━━ Given records

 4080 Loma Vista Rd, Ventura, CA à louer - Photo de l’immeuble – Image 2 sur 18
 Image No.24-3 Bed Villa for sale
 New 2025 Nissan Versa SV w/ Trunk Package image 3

━━━━
━━ Given records

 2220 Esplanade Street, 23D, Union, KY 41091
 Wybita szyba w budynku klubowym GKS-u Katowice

━━━━
━━ Given records

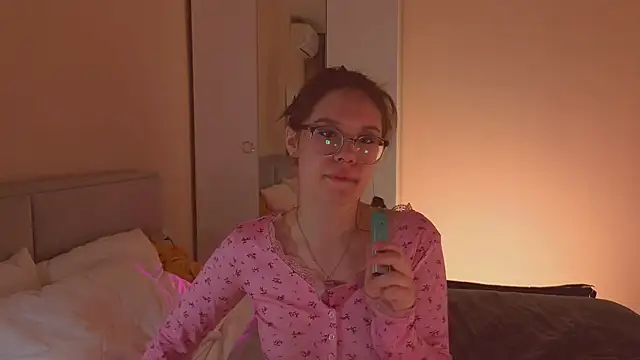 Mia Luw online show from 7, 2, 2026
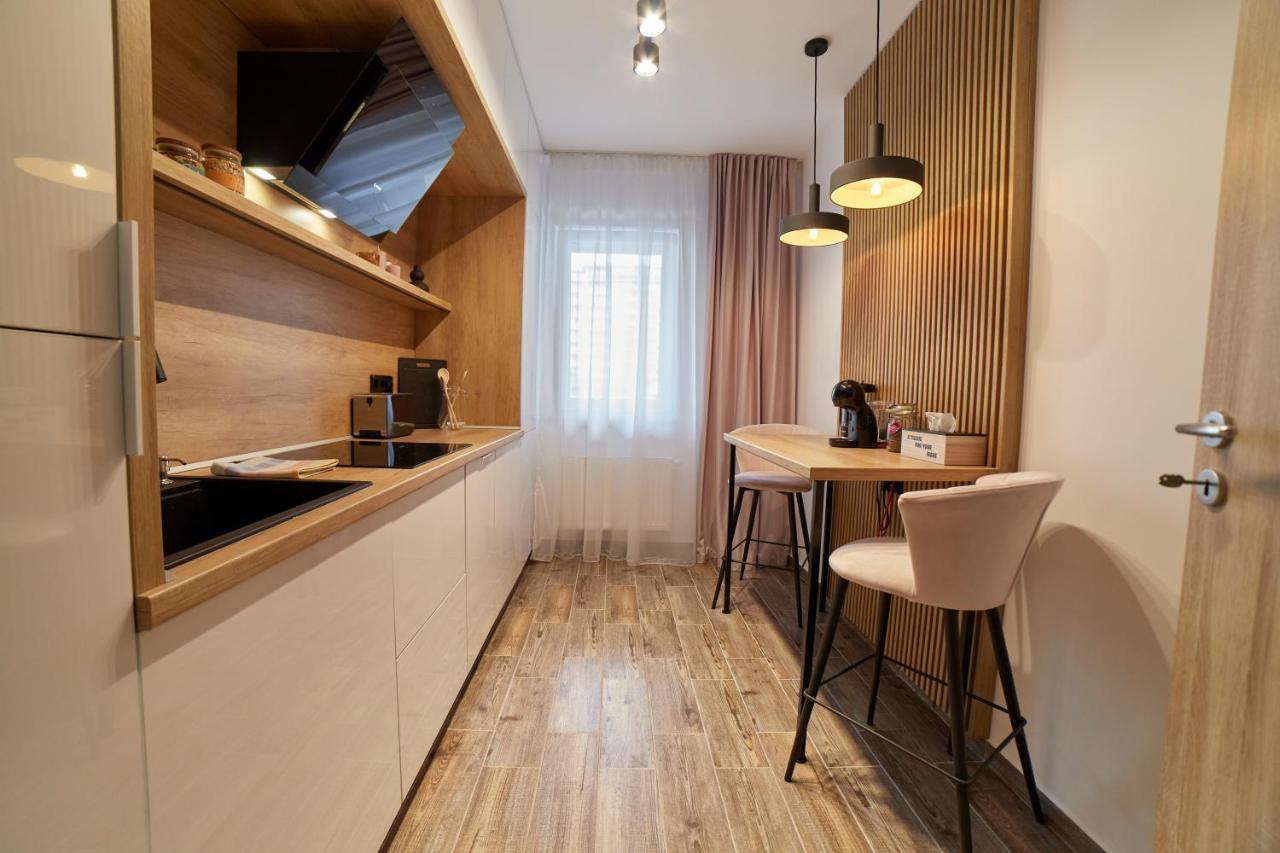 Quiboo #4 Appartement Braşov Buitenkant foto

━━━━

* **What is needed**
As the answer, set down only the lines from the data above between the one holding "4080 Loma Vista" and the one holding "New 2025 Nissan", inclusive, exactly as they read.

* **Task result**
 4080 Loma Vista Rd, Ventura, CA à louer - Photo de l’immeuble – Image 2 sur 18
 Image No.24-3 Bed Villa for sale
 New 2025 Nissan Versa SV w/ Trunk Package image 3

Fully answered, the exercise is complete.